● **Directions**:
Your task is to retype, word for word, the lines from the start of the data through the line holding "Alteryx Tool Tutorial". Do not include the pictures.

● **Data under study**:
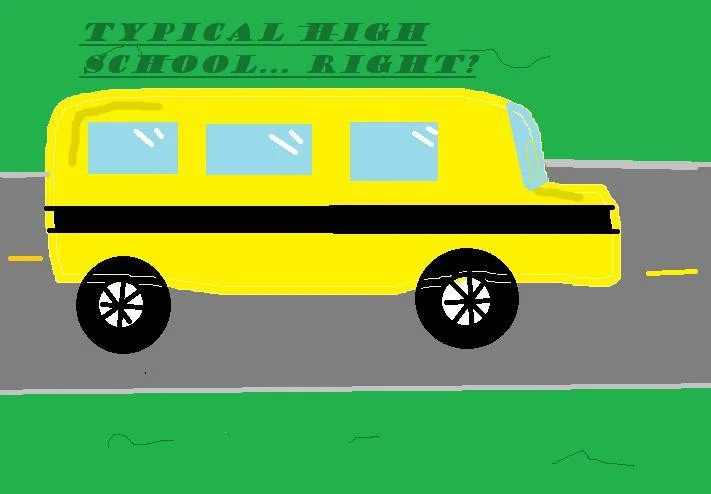 Typical High school... right? (itch)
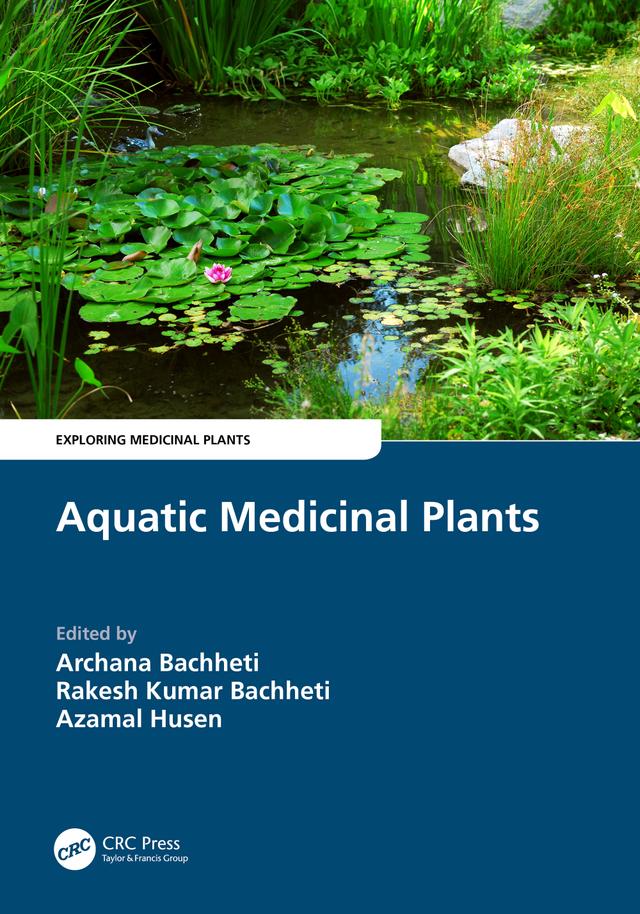 Aquatic Medicinal Plants by Archana Bachheti, Azamal Husen, Rakesh Kumar Bachheti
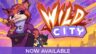 Featured Wild City Free Download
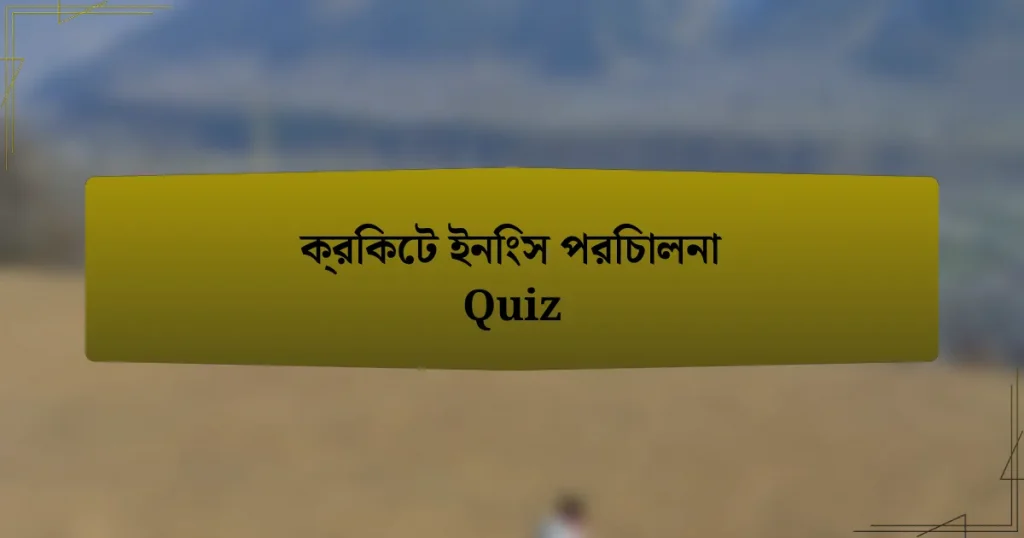 ক্রিকেট ইনিংস পরিচালনা Quiz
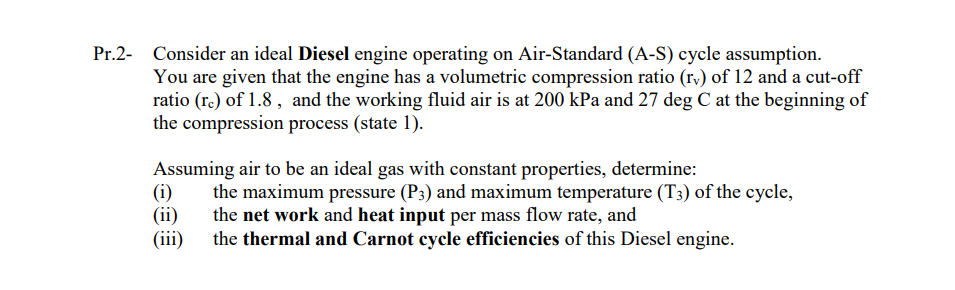 Pr 2 Consider An Ideal Diesel Engine Operating On Air Standard A S Cycle Assumption You Are Given That The Engine Ha 1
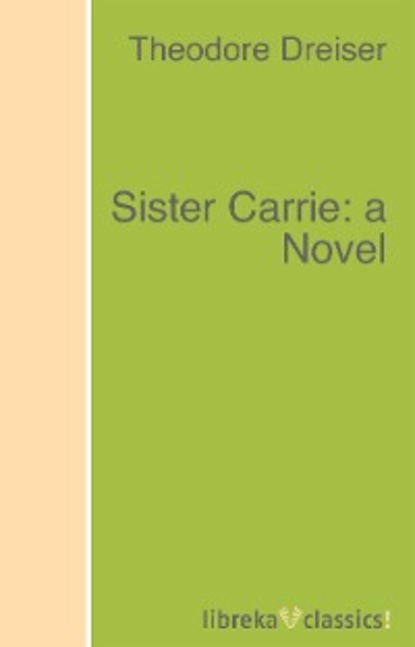 Sister Carrie: a Novel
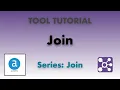 Alteryx Tool Tutorial - Join Match Data Across Tables in 5 Minutes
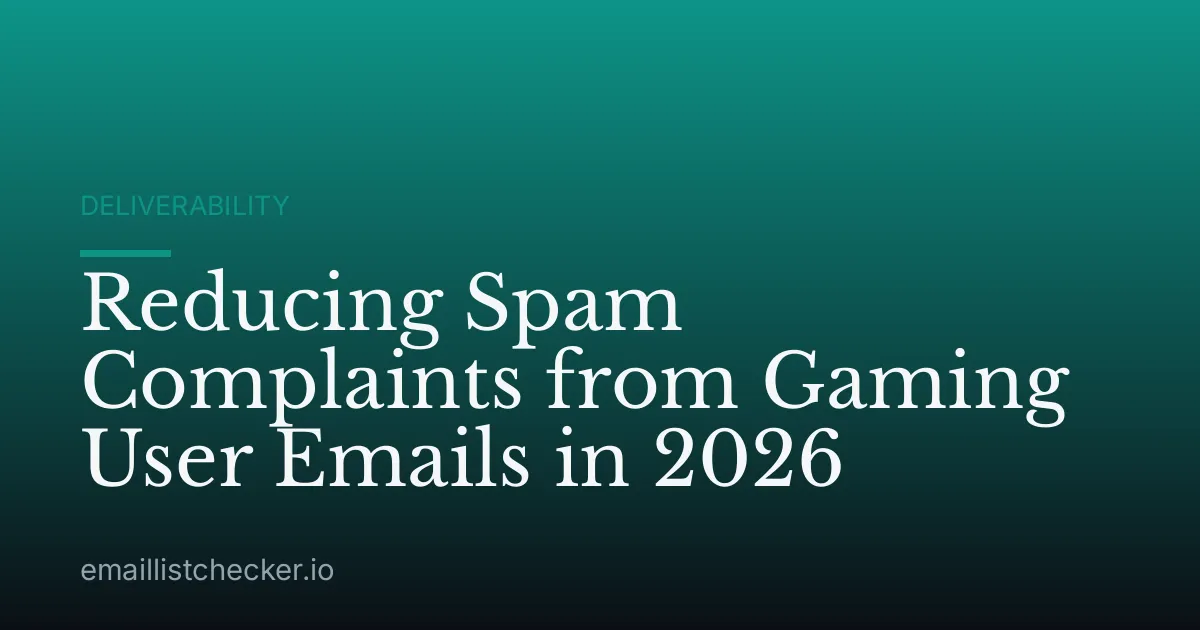 Reducing Spam Complaints from Gaming User Emails in 2026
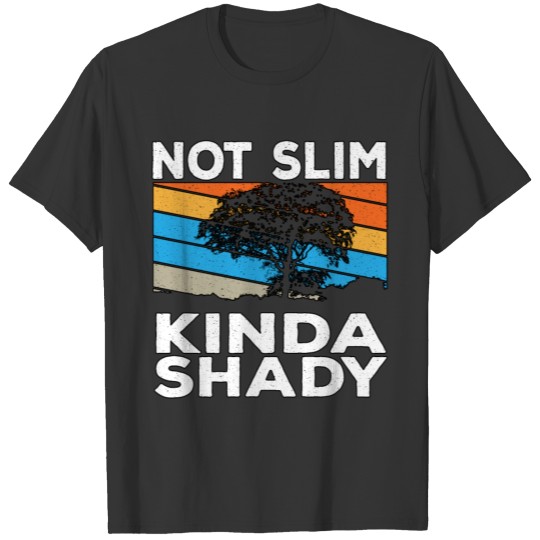 Not Slim Trees Kinda Shady T-shirt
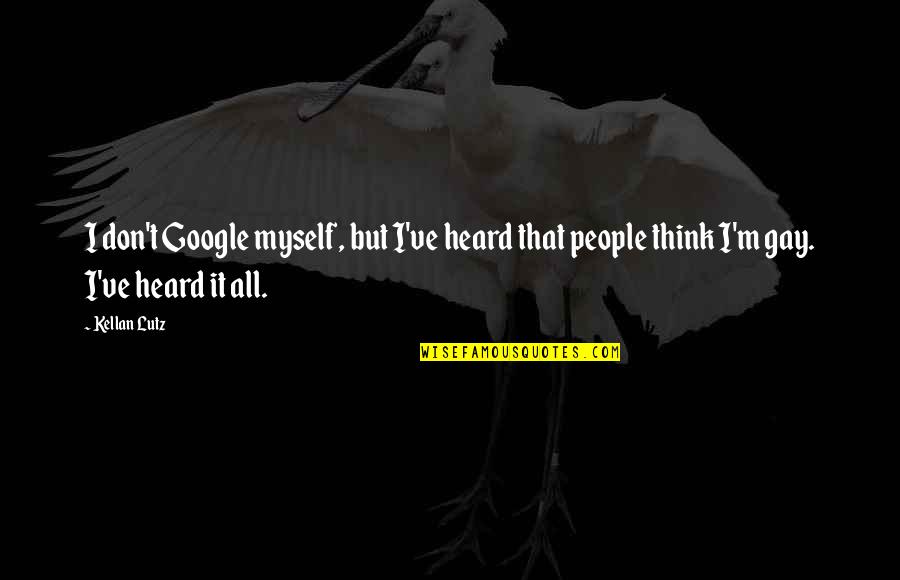Kellan Lutz Quotes By Kellan Lutz: I don't Google myself, but I've heard that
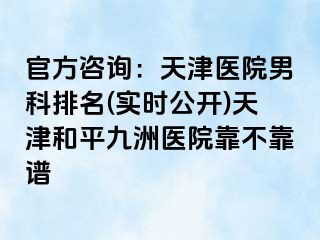 官方咨询：天津医院男科排名(实时公开)天津和平九洲医院靠不靠谱
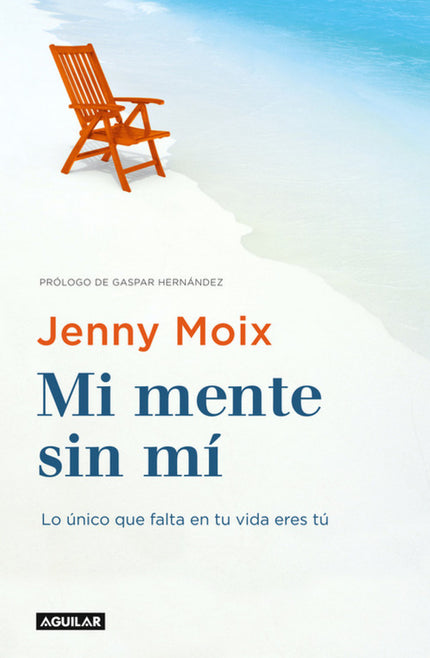 Libro Mi Mente Sin Mi: ¿Estás cansado de vivir de acuerdo a lo que opina tu mente?Lee y respira. Soñamos con pasear desc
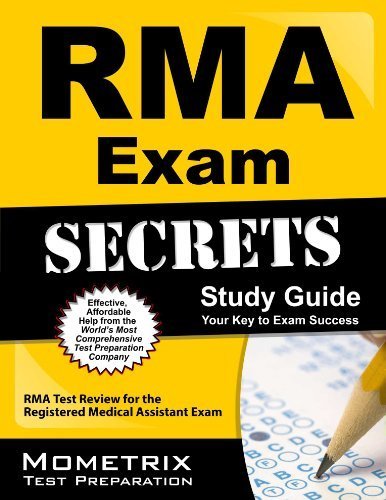 RMA Exam Secrets Study Guide: RMA Test Review for the Registered Medical Assistant Exam by RMA Exam Secrets Test Prep Team (2013) Paperback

● **Answer area**:
 Typical High school... right? (itch)
 Aquatic Medicinal Plants by Archana Bachheti, Azamal Husen, Rakesh Kumar Bachheti
 Featured Wild City Free Download
 ক্রিকেট ইনিংস পরিচালনা Quiz
 Pr 2 Consider An Ideal Diesel Engine Operating On Air Standard A S Cycle Assumption You Are Given That The Engine Ha 1
 Sister Carrie: a Novel
 Alteryx Tool Tutorial - Join Match Data Across Tables in 5 Minutes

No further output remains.